Your task: Please copy all of the entries exactly, but drop every picture.

Data for review:
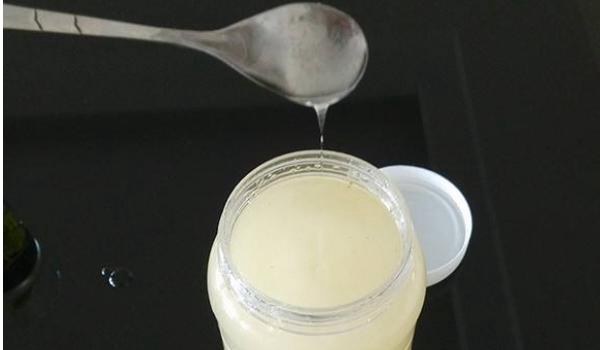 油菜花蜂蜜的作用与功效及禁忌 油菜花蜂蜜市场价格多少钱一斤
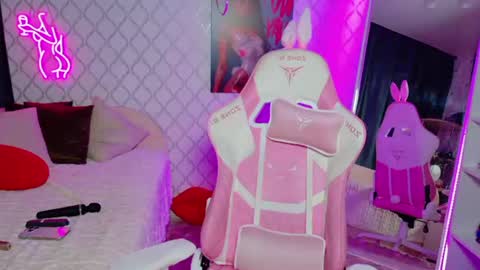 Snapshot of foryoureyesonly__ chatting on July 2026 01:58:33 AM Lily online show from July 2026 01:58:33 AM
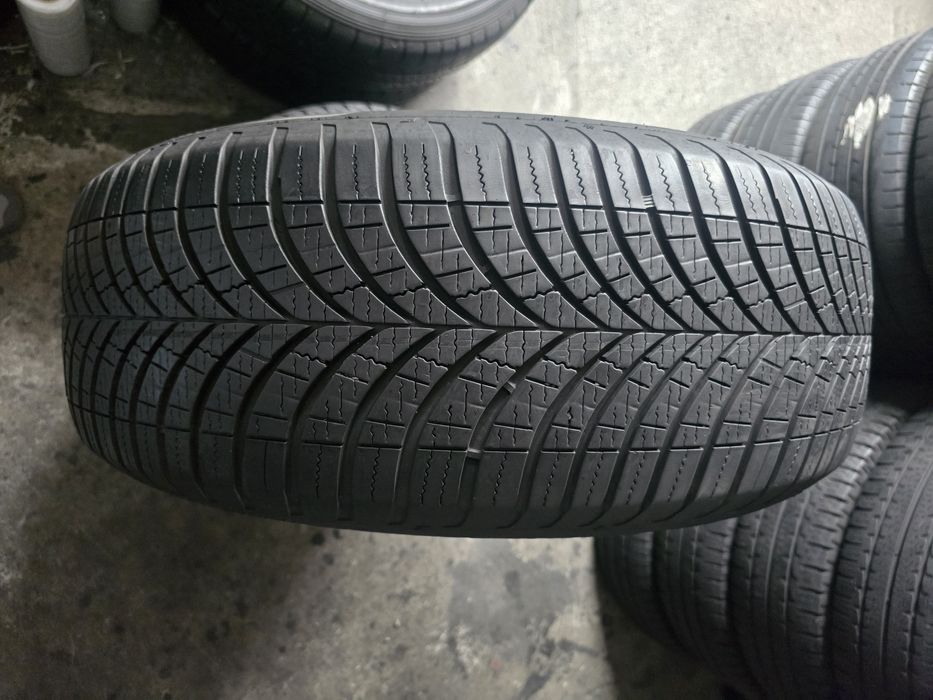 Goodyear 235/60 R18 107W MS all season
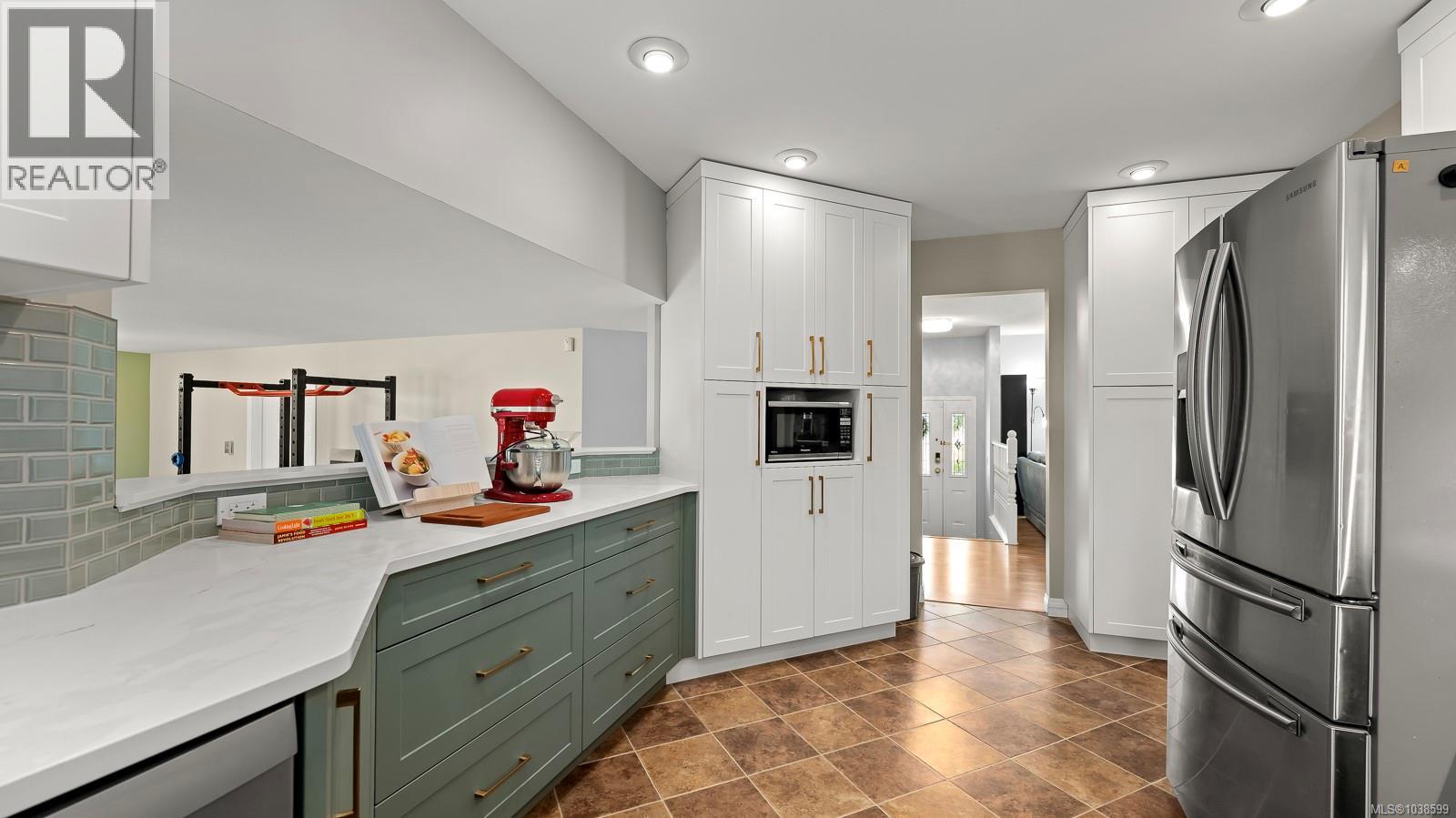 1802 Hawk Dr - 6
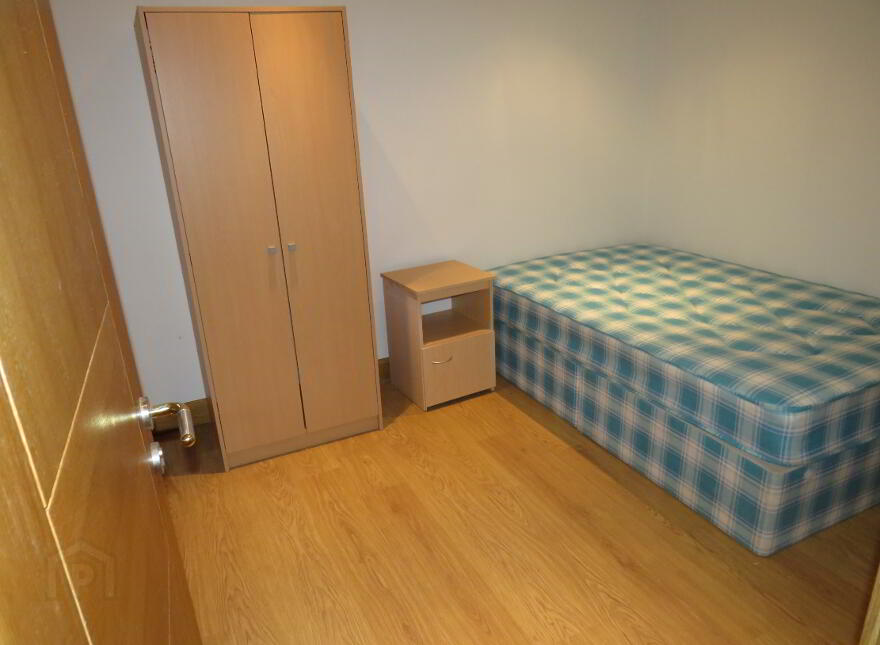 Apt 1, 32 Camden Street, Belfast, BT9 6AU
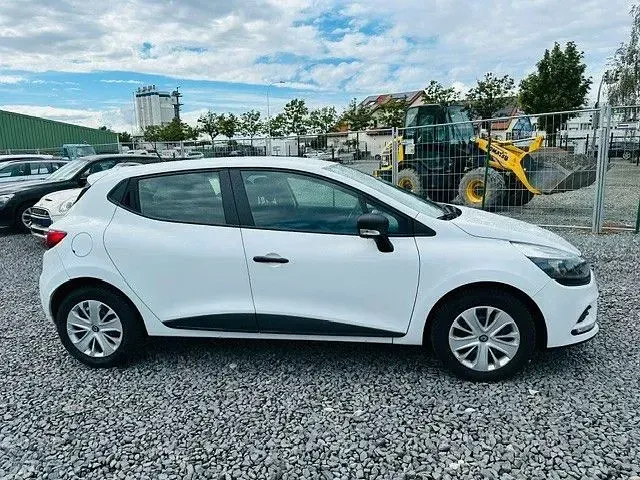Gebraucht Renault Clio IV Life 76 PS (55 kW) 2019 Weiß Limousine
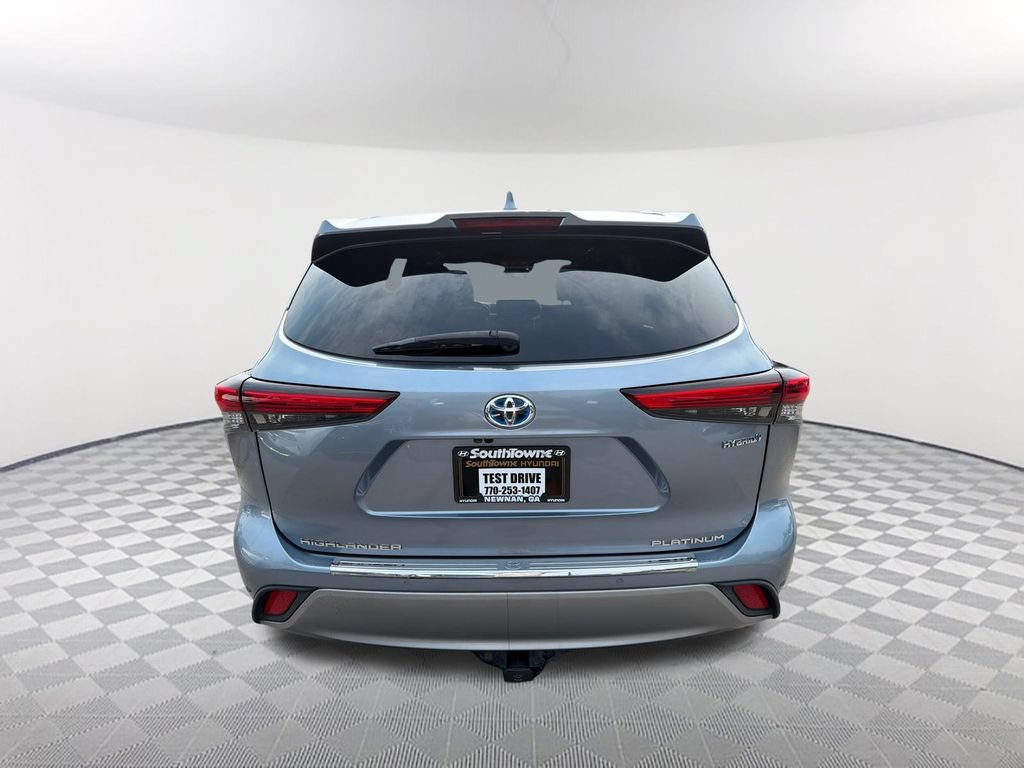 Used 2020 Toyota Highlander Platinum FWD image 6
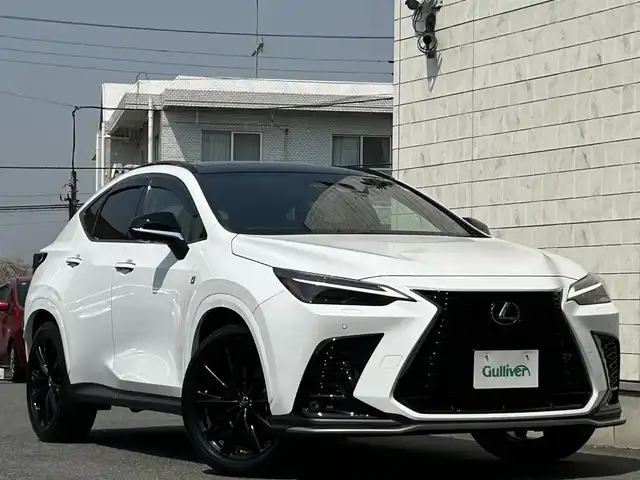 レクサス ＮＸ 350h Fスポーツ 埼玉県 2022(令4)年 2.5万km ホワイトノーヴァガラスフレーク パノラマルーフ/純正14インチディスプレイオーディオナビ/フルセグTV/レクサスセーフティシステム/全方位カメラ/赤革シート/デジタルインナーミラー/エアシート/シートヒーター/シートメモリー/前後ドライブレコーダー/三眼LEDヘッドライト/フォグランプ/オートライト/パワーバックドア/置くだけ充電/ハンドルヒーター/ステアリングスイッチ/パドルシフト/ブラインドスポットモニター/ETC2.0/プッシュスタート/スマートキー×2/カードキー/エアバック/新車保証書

Answer to the exercise:
 油菜花蜂蜜的作用与功效及禁忌 油菜花蜂蜜市场价格多少钱一斤
 Snapshot of foryoureyesonly__ chatting on July 2026 01:58:33 AM Lily online show from July 2026 01:58:33 AM
 Goodyear 235/60 R18 107W MS all season
 1802 Hawk Dr - 6
 Apt 1, 32 Camden Street, Belfast, BT9 6AU
Gebraucht Renault Clio IV Life 76 PS (55 kW) 2019 Weiß Limousine
 Used 2020 Toyota Highlander Platinum FWD image 6
 レクサス ＮＸ 350h Fスポーツ 埼玉県 2022(令4)年 2.5万km ホワイトノーヴァガラスフレーク パノラマルーフ/純正14インチディスプレイオーディオナビ/フルセグTV/レクサスセーフティシステム/全方位カメラ/赤革シート/デジタルインナーミラー/エアシート/シートヒーター/シートメモリー/前後ドライブレコーダー/三眼LEDヘッドライト/フォグランプ/オートライト/パワーバックドア/置くだけ充電/ハンドルヒーター/ステアリングスイッチ/パドルシフト/ブラインドスポットモニター/ETC2.0/プッシュスタート/スマートキー×2/カードキー/エアバック/新車保証書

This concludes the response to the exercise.